Recent molecular evidence suggests that the relative dominance of different diazotrophic groups may also vary among ocean basins. Microdiazotrophs such as Trichodesmium spp. appear to play a more predominant role in the N. Atlantic compared to nanodiazotrophs such as Crocosphaera and other small coccoid cyanobacteria (Langlois et al. 2008, Foster et al. 2007). In contrast, nanodiazotrophs are seemingly more dominant in the central N. Pacific (Church et al. 2008). Diazotrophs may also be constrained by the relative availability of other elemental (e.g. Mo, Co) and organic factors. Some recent evidence suggests that cyanobacterial diazotrophs may specifically contribute to certain trace vitamin (e.g. B12) fluxes in the upper ocean.

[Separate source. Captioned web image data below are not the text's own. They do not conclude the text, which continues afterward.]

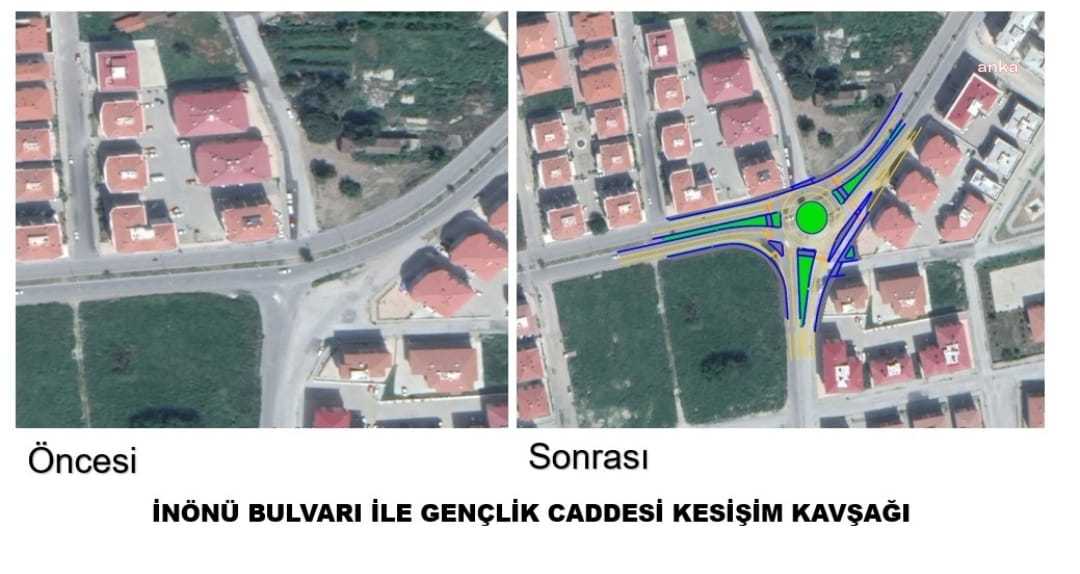 İZMİR BÜYÜKŞEHİR BELEDİYESİ’NDEN TİRE'YE 3 YENİ KAVŞAK PROJESİ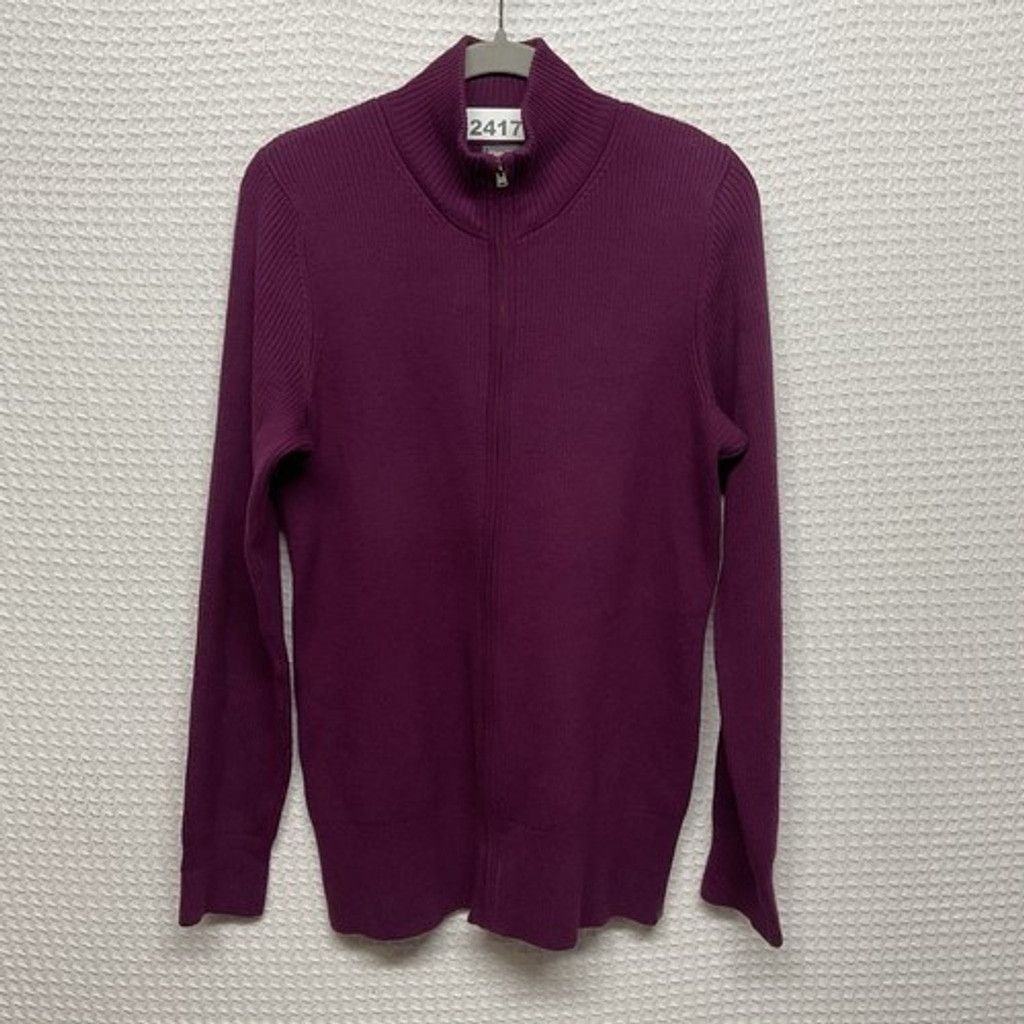 Eddie Bauer Eddie Bauer Raspberry Zip Ribbed Sweater Jacket Women XLT Size XL / US 12-14 / IT 48-50 - 7 Thumbnail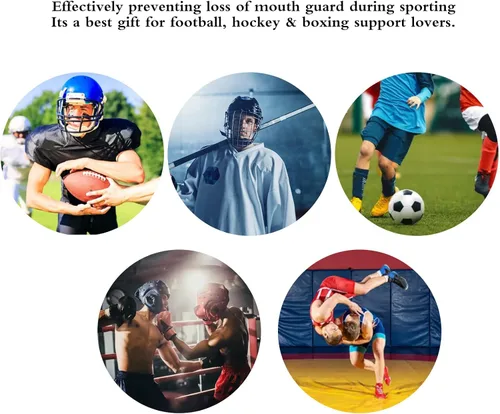 Miniatura 7 de LUAAT - Paquete de 3 correas para protector bucal, correa de repuesto universal para fútbol, boxeo, taekwondo, hockey, baloncesto, lacrosse, casco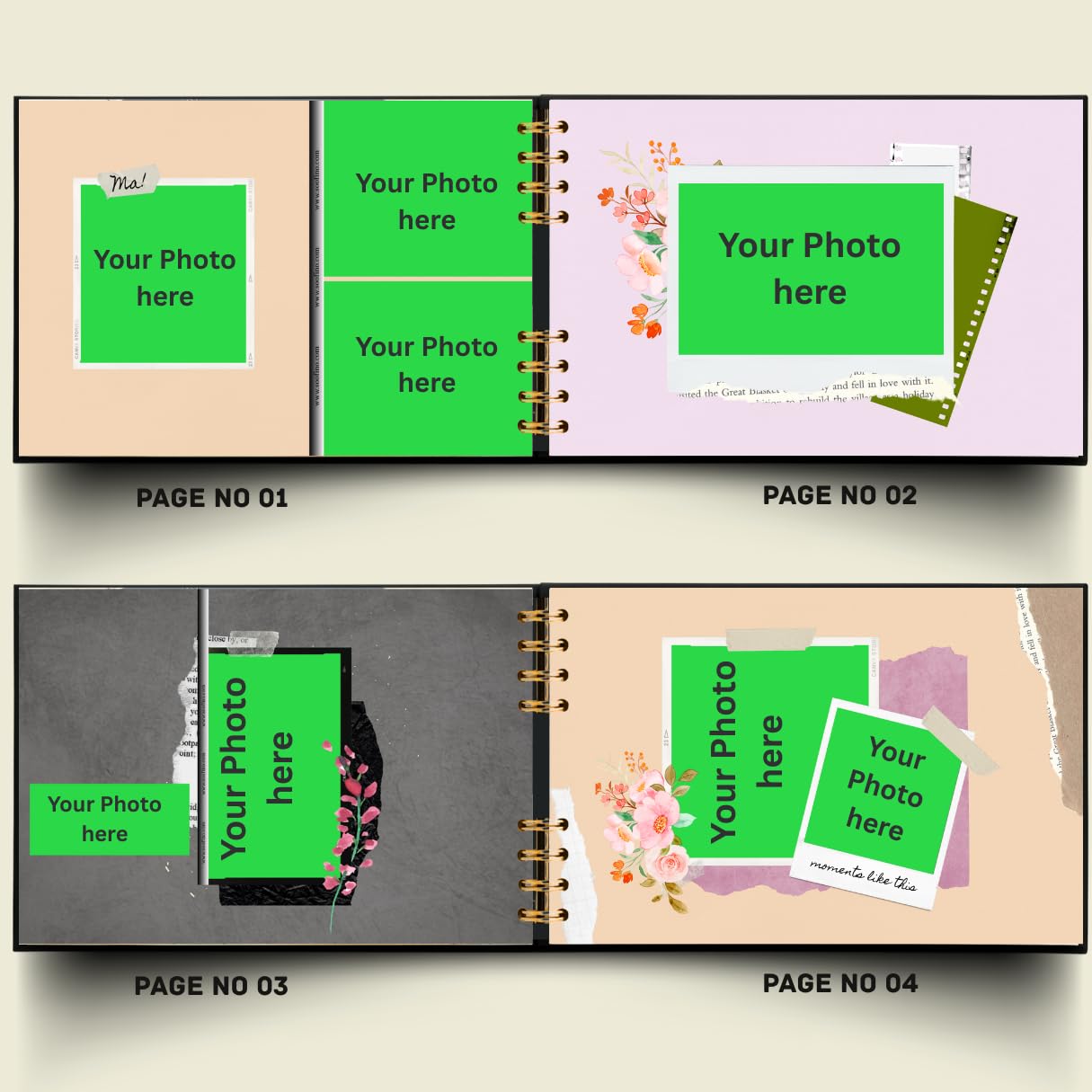 Customised Anniversary Photobook 22 pages 33 Images Premium Print | A4 size laminated hard sheet | Wedding,Couple gifting | Cover water resistance | CUSTOMISED ALL PHOTO PRINTING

With the prospect of upper ocean warming as a result of global climate change, the magnitude, distribution and importance of marine nitrogen fixation is likely to change, although research into how is just beginning. Upper ocean warming, ocean acidification and increases in dissolved inorganic carbon are all likely to affect the extent and distribution of oceanic nitrogen fixation. Finally, atmospheric N deposition to the ocean is rapidly accelerating and will soon exceed current estimates of oceanic nitrogen fixation. With the current state of the nitrogen cycle still poorly constrained, and climatically and human induced changes on the horizon, the continued study of oceanic nitrogen fixation is important to our broader understanding of ocean biogeochemistry now and in the future.